HotSpot JVM

HotSpot JVM Recipe

  1. Review the JVM-independent recipe in the Java chapter.
  2. In most cases, the default -XX:+UseG1GC or -XX:+UseParallelOldGC garbage collection policies (depending on version) work best, with the key tuning being the maximum heap size (-Xmx).
  3. Set -XX:+HeapDumpOnOutOfMemoryError.
  4. Enable verbose garbage collection and use a tool such as the Garbage Collection and Memory Visualizer to confirm the proportion of time in stop-the-world garbage collection pauses is less than ~10% and ideally less than 1%.
    1. Check for long individual pause times (e.g. greater than 400ms or whatever response time expectations are)
    2. For G1GC, check for humongous allocations.
    3. Review the latest garbage collection tuning guidance.

General

Use -XX:+PrintFlagsFinal to see all the options the JVM actually starts with.

Garbage Collection

By default, the collector uses N threads for minor collection where N = # of CPU core threads. Control with -XX:ParallelGCThreads=N

Comparing Policies
-XX:+UseParallelOldGC -XX:+UseG1GC -XX:+UseShenandoahGC -XX:+UseZGC -XX:+UseSerialGC -XX:+UseConcMarkSweepGC -XX:+UseEpsilonGC
Generational - most GC pauses are short (nursery/scavenge collections) Yes (Two Generations) Yes (Two Generations) Yes (One Generation) Yes (One Generation) Yes (Two Generations) Yes (Two Generations) No
Compaction Alayws Partial Concurrent ? No Never No
Large Heaps (>10GB) Maybe Yes Yes ? ? Maybe Maybe
Soft Real Time - all GC pauses are very short (unless cpu/heap exhaustion occurs) No Yes Yes ? No Yes Yes
Hard Real Time - requires hard real time OS, all GC pauses are very short (unless CPU/heap exhaustion occurs) No No No ? No No Yes
Benefits Tries to balance application throughput with low pause times Regionalized heap - good for very large heaps Designed for very large heaps ? No cross-thread contention Special circumstances No garbage collection
Potential Consequences Not designed for low latency requirements ? ? ? Potentially limited throughput of GC Non-compacting - requires strategy to force compactions; Hard to tune; Larger memory footprint (~30%); Reduced throughput; Longest worst-case pause times (when compaction is unavoidable); Deprecated Memory exhaustion
Recommended for General Use (e.g.
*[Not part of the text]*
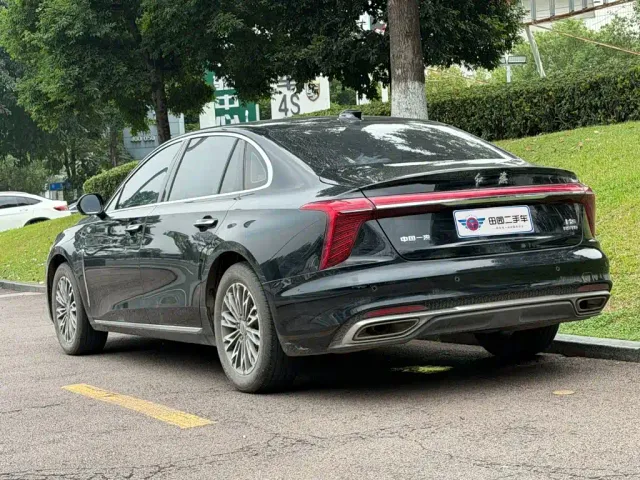 Hongqi H5 — Фото автомобиля 4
Web applications, messaging systems) General Use on recent versions of Java Large heaps (>10GB) ? ? Deprecated Benchmarks
Garbage-First Garbage Collector (G1GC)

The Garbage First Garbage Collector (G1GC) is a multi-region, generational garbage collector. Review the G1GC Tuning Guide.

G1GC is the default collector starting with Java 9.

Humongous objects

Any object larger than half the region size (-XX:G1HeapRegionSize) is considered a humongous object, it's allocated directly into the old generation, and it consumes the entire region which drives fragmentation.
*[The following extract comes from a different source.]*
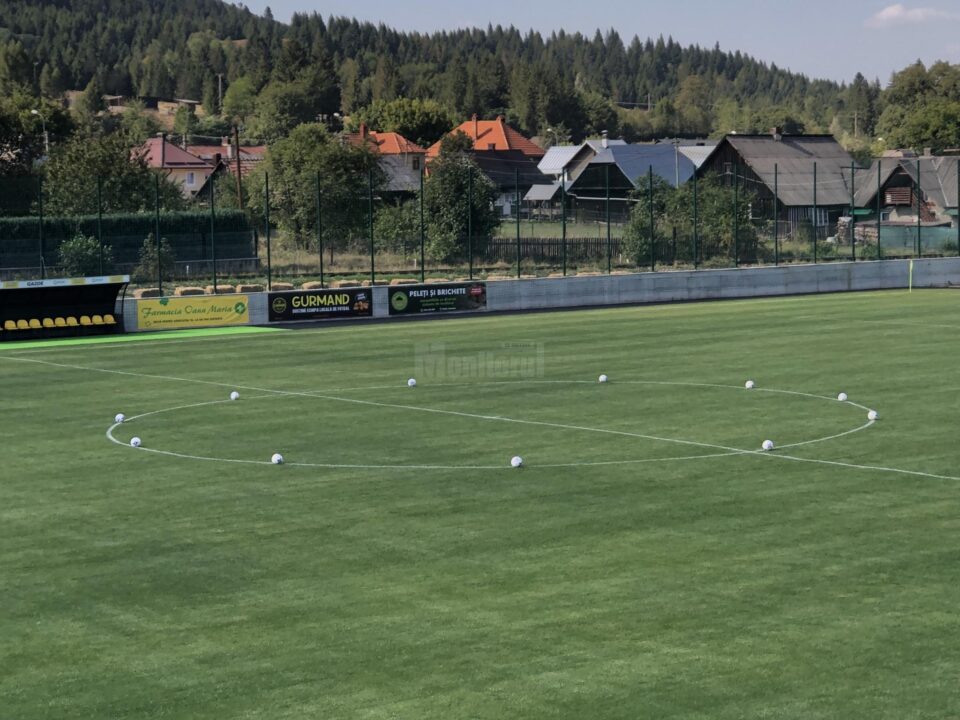 În comuna Putna a fost inaugurat cel mai modern stadion din județ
Print humongous requests from a verbosegc:

awk 'BEGIN {print "Humongous Allocation";} /humongous/ { for (i=1;i<=NF;i++) { if ($i == "allocation" && $(i+1) == "request:") { print $(i+2); } } }' $FILE > data.csv

To create a histogram using Python+Seaborn:

import seaborn as sns
import matplotlib
import matplotlib.pyplot as plt
import pandas as pd
sns.set_theme()
data = pd.read_csv("data.csv")
axes = sns.histplot(data, x="Humongous Allocation")
axes.ticklabel_format(style='plain')
axes.get_xaxis().set_major_formatter(matplotlib.ticker.StrMethodFormatter('{x:,.0f}'))
axes.get_yaxis().set_major_formatter(matplotlib.ticker.StrMethodFormatter('{x:,.0f}'))
plt.xticks(rotation=45)
plt.tight_layout()
plt.savefig('humongous.png')
plt.show()
Throughput/Parallel Scavenge Collector (ParallelGC)

This is the default policy on Java 8 and below.

The throughput collector that performs parallel scavenge copy collection on the young generation. This type of garbage collection is the default type on multi-processor server class machines.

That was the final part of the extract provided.